A Matrix-Assisted Laser Desorption Ionization–Time of Flight Mass Spectrometry Direct-from-Urine-Specimen Diagnostic for Gram-Negative Pathogens

Hyojik Yang a,#, Richard D Smith a,b,#, Kylie P Sumner a,c, David R Goodlett c,d, J Kristie Johnson b,#, Robert K Ernst a,✉,#
Editor: Karen C Carrolle
PMCID: PMC9769899  PMID: 36255333

ABSTRACT

Urinary tract infections (UTIs) pose a major public health burden. The vast majority of UTIs are caused by Gram-negative bacteria. Current culture-based pathogen identification methods may require up to 24 to 48 h of incubation. In this study, we developed and evaluated a method for Gram-negative pathogen identification direct from urine, without culture, via matrix-assisted laser desorption ionization–time of flight mass spectrometry (MALDI-TOF MS) in approximately 1 h. Urine samples were collected (n = 137) from the University of Maryland Medical Center clinical microbiology laboratory. To identify bacteria direct from urine, two methods were evaluated. First, 1 μL of urine was directly spotted onto the MALDI target plate, and second, 1 mL of urine was centrifuged at 8,000 rpm for 5 min before processing using the fast lipid analysis technique (FLAT). Mass spectra were acquired on the Bruker MALDI Biotyper sirius system in the negative-ion mode. Results were compared to those of standard culture methods. When 1 μL of urine was directly spotted, positive agreement was 81.5% (101/124) and, after centrifugation, 94.4% (117/124) relative to that of standard culture methods. Negative agreement for both methods was 100% (13/13). The time to results for both of the specimen preparation methods using the FLAT extraction protocol was approximately 1 h, with minimal hands-on time required (<5 min). The ability to rapidly identify pathogens directly from urine, without the need for culture, allows for faster turnaround times and, potentially, improved patient outcomes. Overall, the FLAT extraction protocol, in combination with lipid A identification, provides a reproducible and accurate method to rapidly identify urinary pathogens.

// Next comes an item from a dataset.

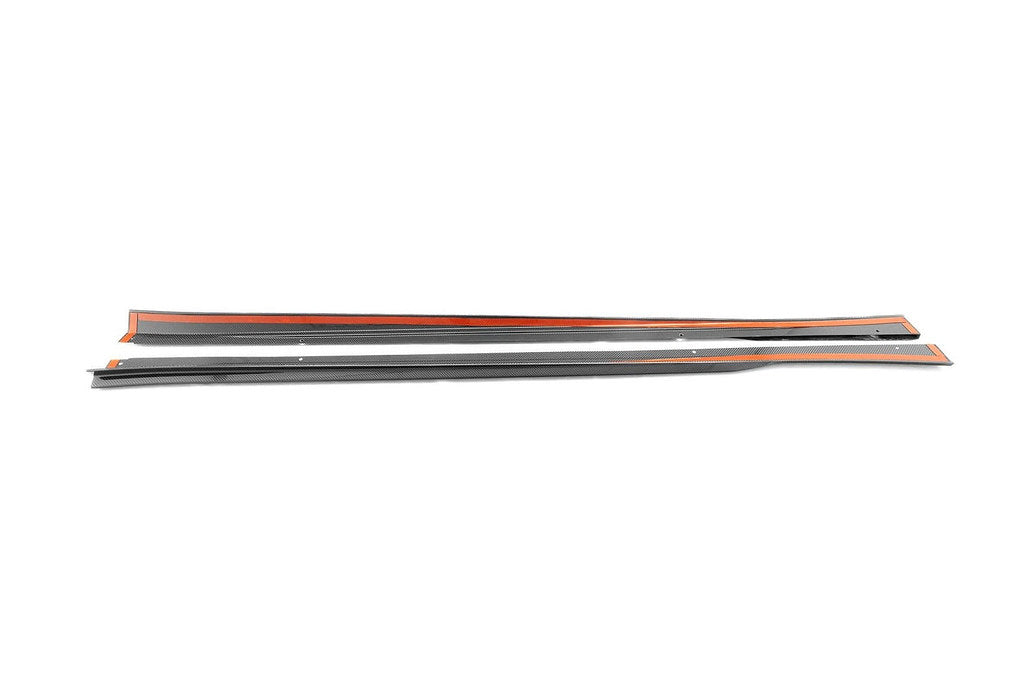 TREVORA Carbon Fiber PR-1 Side Skirts - BMW M5 / M5 Touring (G90/G99) 2025-2027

IMPORTANCE This study describes and evaluates a direct-from-urine extraction method that allows identification of Gram-negative bacteria via MALDI-TOF MS within 1 h. Currently, identification of urinary pathogens requires 24 h of culture prior to identification. While this method may not replace culture, we demonstrate its utility in screening for common urinary pathogens. By providing identifications in under 1 h, clinicians can potentially treat patients sooner with more-targeted antimicrobial therapy. In turn, earlier treatment can improve patient outcome and antimicrobial stewardship. Furthermore, MADLI-TOF MS is a readily available, easy-to-use diagnostic tool in clinical laboratories, making implementation of this method possible.

KEYWORDS: lipid A, UTI, Gram-negative bacteria, MALDI-TOF mass spectrometry, fast lipid analysis technique, MALDI-TOF MS, urinary tract infection

INTRODUCTION

Globally, urinary tract infections (UTIs) are one of the most prevalent bacterial infections (1). UTIs pose a substantial health and economic burden, contributing to over one million emergency department visits and 100,000 hospital admissions in the United States annually (2, 3). It is estimated that approximately 50% of people will suffer from a UTI at least once in their lifetime (4, 5). Furthermore, UTIs can lead to potentially life-threatening complications, such as urosepsis (6). Over 80% of UTIs are caused by Gram-negative bacteria, with most infections being caused by Escherichia coli (7).

Current methods for diagnosing UTIs include clinical evaluation of symptoms, urine dipstick, urinalysis, and urine culture (8, 9). In the clinical microbiology laboratory, culture-based methods remain the standard diagnostic method for UTIs, as they allow for pathogen quantification, identification, and, secondarily, antimicrobial susceptibility testing. Typically, a positive UTI is defined by having a bacterial load greater than 100,000 CFU/mL (10). Pathogen identification via culture-based methods requires 24 to 48 h, delaying optimal antimicrobial therapy (11). Thus, identifying pathogens without the need to culture would reduce the time to bacterial identification and targeted antimicrobial therapy, thereby potentially improve patient outcomes.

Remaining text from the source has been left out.